Latest update April 25th, 2024 12:59 AM
Jan 11, 2020 Editorial
The immigrant story never ceases to amaze. And such is the inspiring saga of Sundar Pichai of the US, by way of India. It is a sterling example for our traveler, workers, and our young, who struggle with challenges to overcome limitations and environmental challenges.
Mr. Pichai’s achievements are many: slept in living room but earned a graduate degree from prestigious Stanford. He secured one successful high-profile role after another with Fortune 100 companies, even while turning down ranking jobs from competitors.
Now he is king of the castle at Alphabet Inc. the parent of Google.
This is what made America great. It is what makes poorer East Indians, West Indians, Orientals, Africans, Latin Americans, and (Europeans, too) make something of themselves. It is where hungry and humble men and women can rise to the top, if only given the opportunity, a champion, and the challenge to demonstrate what they are made of.

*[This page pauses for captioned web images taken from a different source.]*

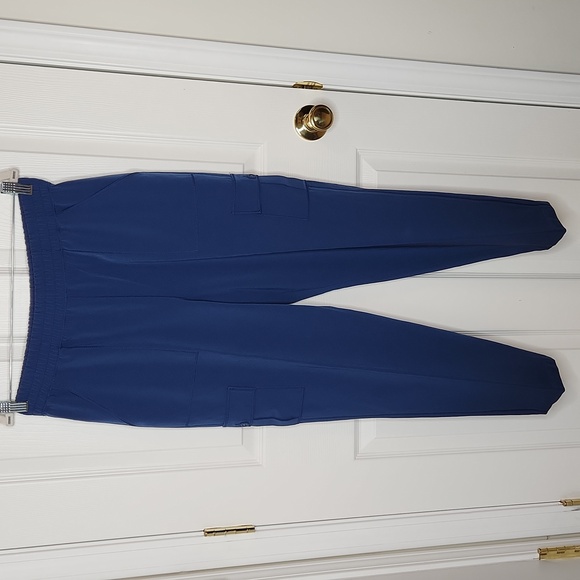 St. John cargo pullon pants navy size medium resortwear scrubs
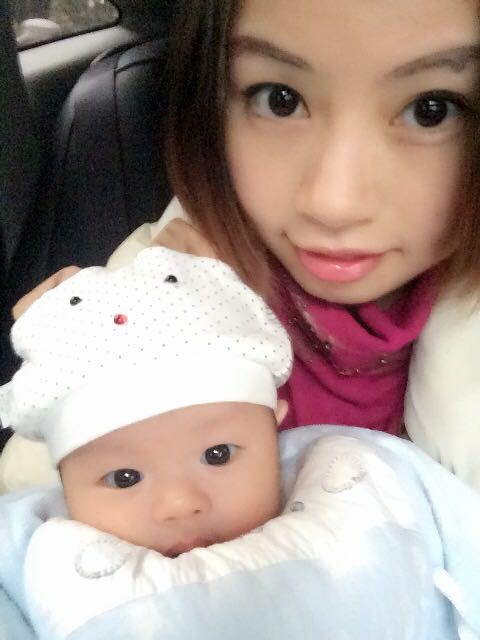 宝妈们都来晒晒和宝宝的合影吧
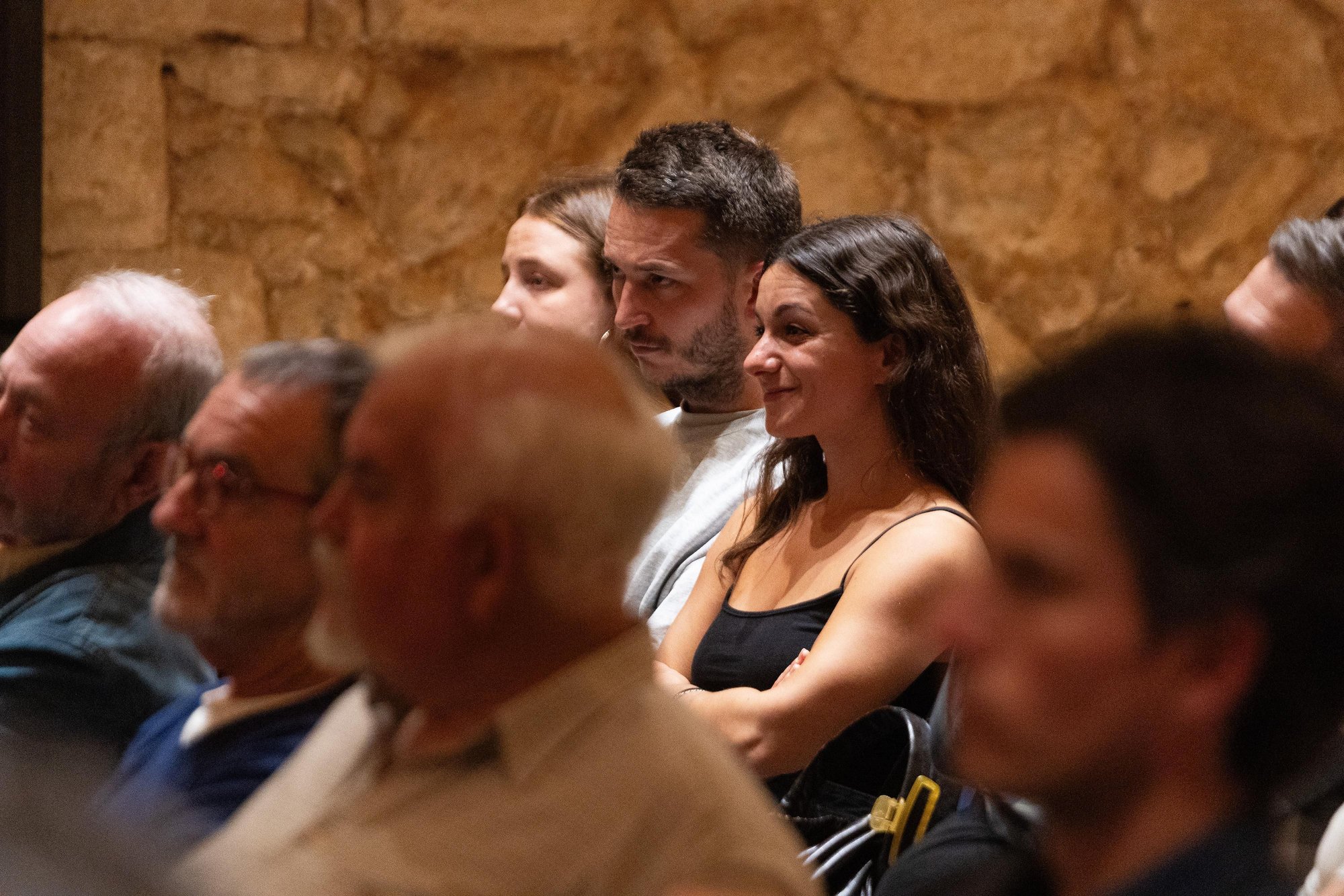 Nicolás Ribas y Ángela Torres (en el centro), dos de los periodistas colaboradores de elDiario.es en Balears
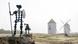 Estatuas de Don Quijote y Sancho Panza, ante molinos de viento, en Mota del Cuervo, La Mancha. Estatuas de Don Quijote y Sancho Panza, ante molinos de viento, en Mota del Cuervo, La Mancha.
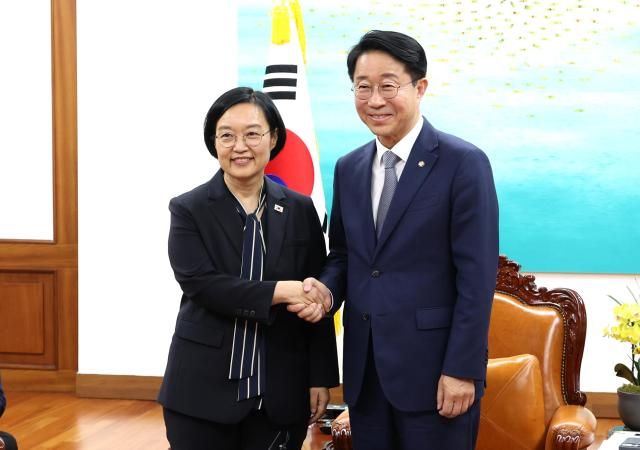 조정식 국회의장오른쪽이 7일 국회의장실을 찾은 한성숙 국무총리와 기념 촬영하고 있다사진연합뉴스
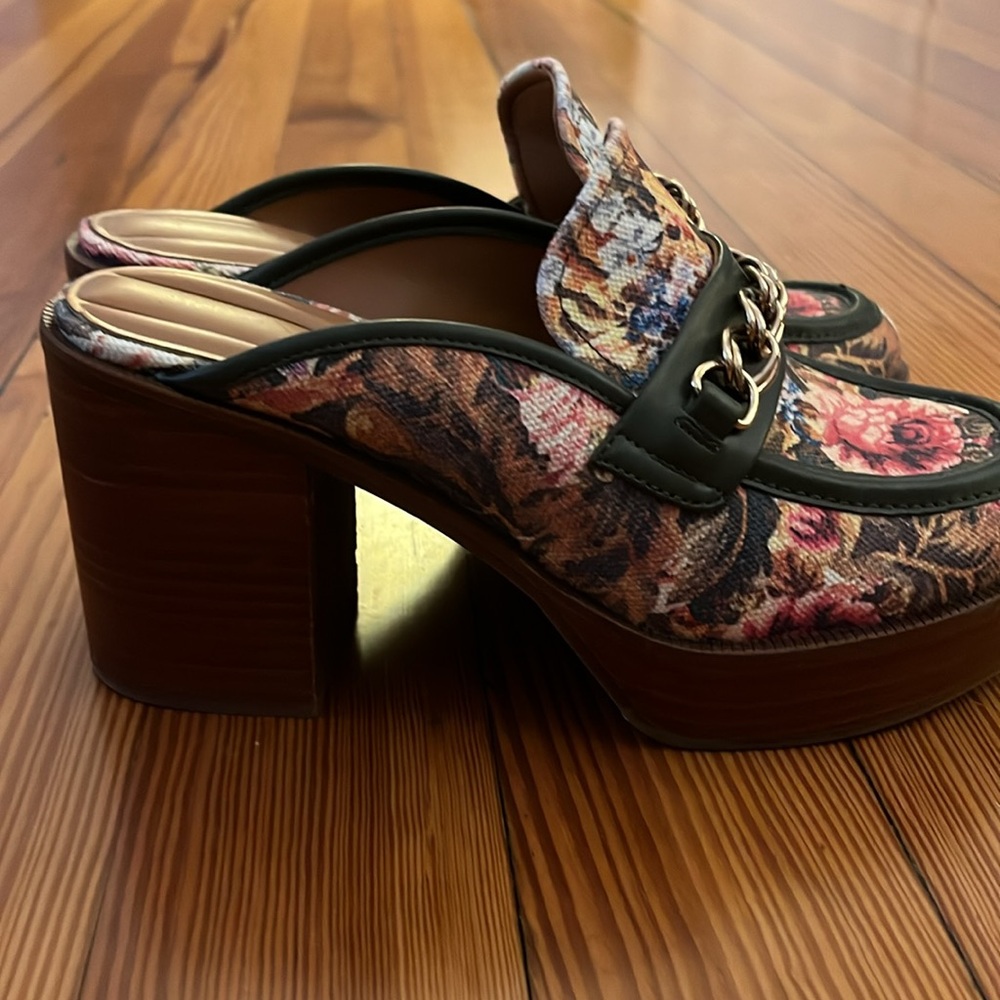 Franco Sarto Floral Katra clog - Picture 5 of 7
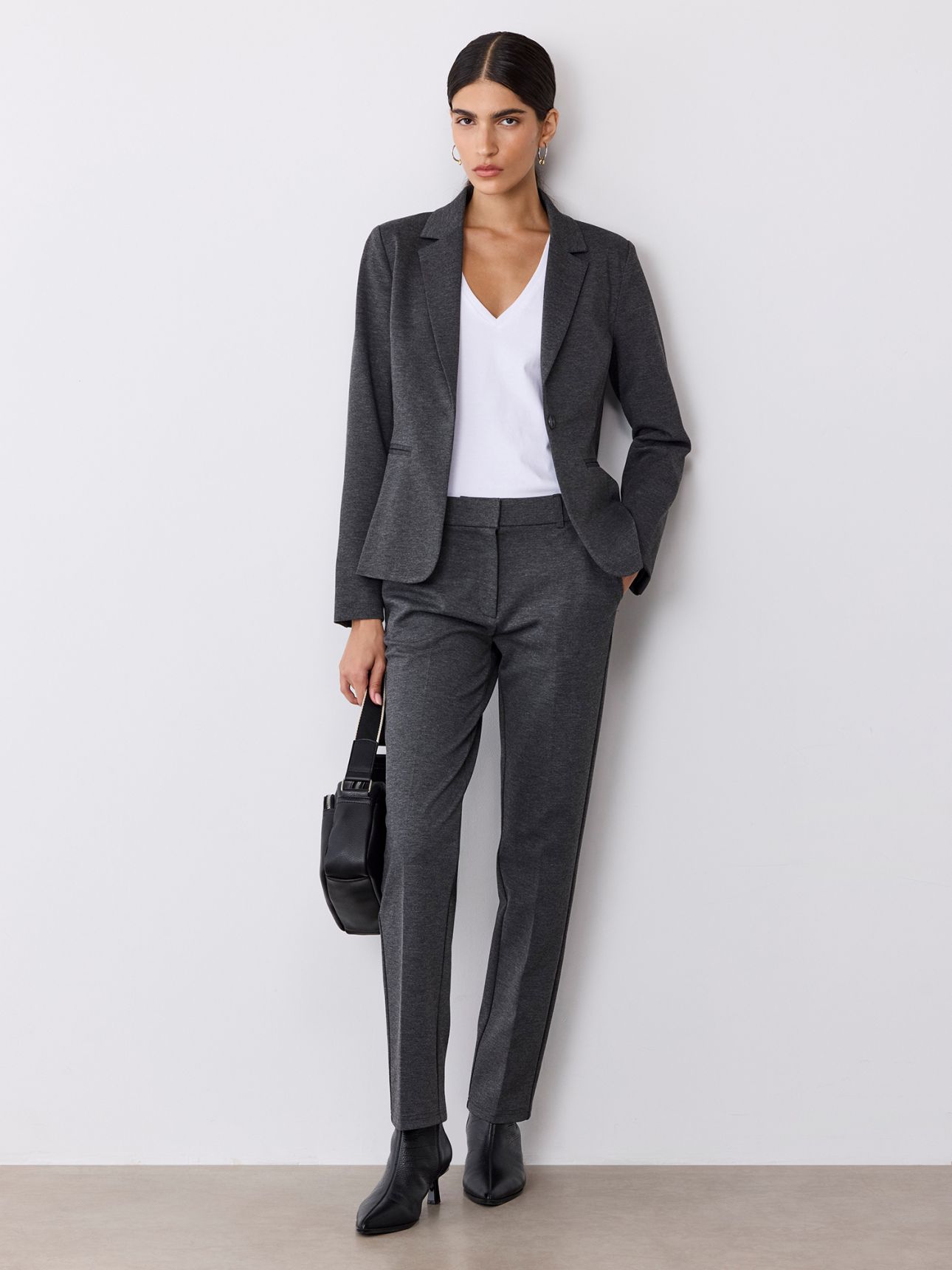 מכנסיים מחויטים מבד אלסטי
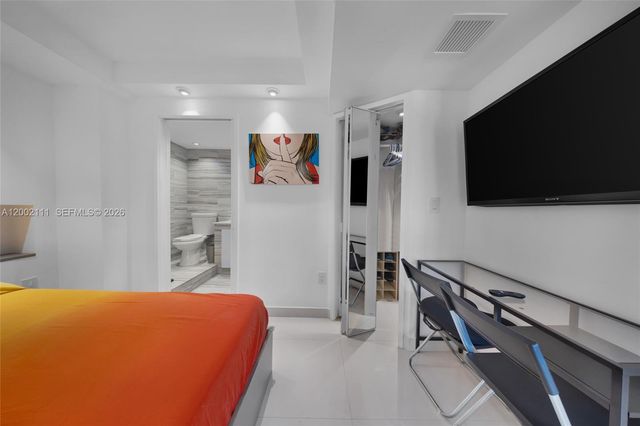 465 Ocean Dr 906, Miami Beach, FL 33139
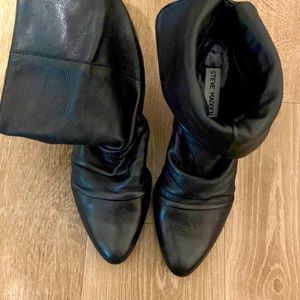 Steve Madden Aplegate Black Leather Kitten Bootie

Many wretched Guyanese and Jamaicans and Mexicans have done so.
Sundar Pichai now extends his winning streak, and adds to his already storied business record. He is a family man, with no gimmicks about matrimony, and a roots man, who is hailed as a hero in his native India: the boy next door who made good and who has come to represent the dreams of millions globally. It can be done, and only in America so spectacularly.
The rushing marvelous world of technology has numerous minorities–Chinese, Jews, Indians–toiling away in its highly competitive trenches, but most do not rise to experience the light at the top. Sundar Pichai does so now and stands as an exemplary figure for all of us.
Our STEM stalwarts brimming with creativity and dreaming big dreams must similarly challenge themselves to compete against the best and be the best. Our poor and disillusioned left behind by politics and an environment that is about flourishing of the slickest and barren of the truly industrious and conscientious, are dragged down by the weights that impede the spirit.
They, too, will go at some time, for the oil has revealed the worst in us, and with more still to come.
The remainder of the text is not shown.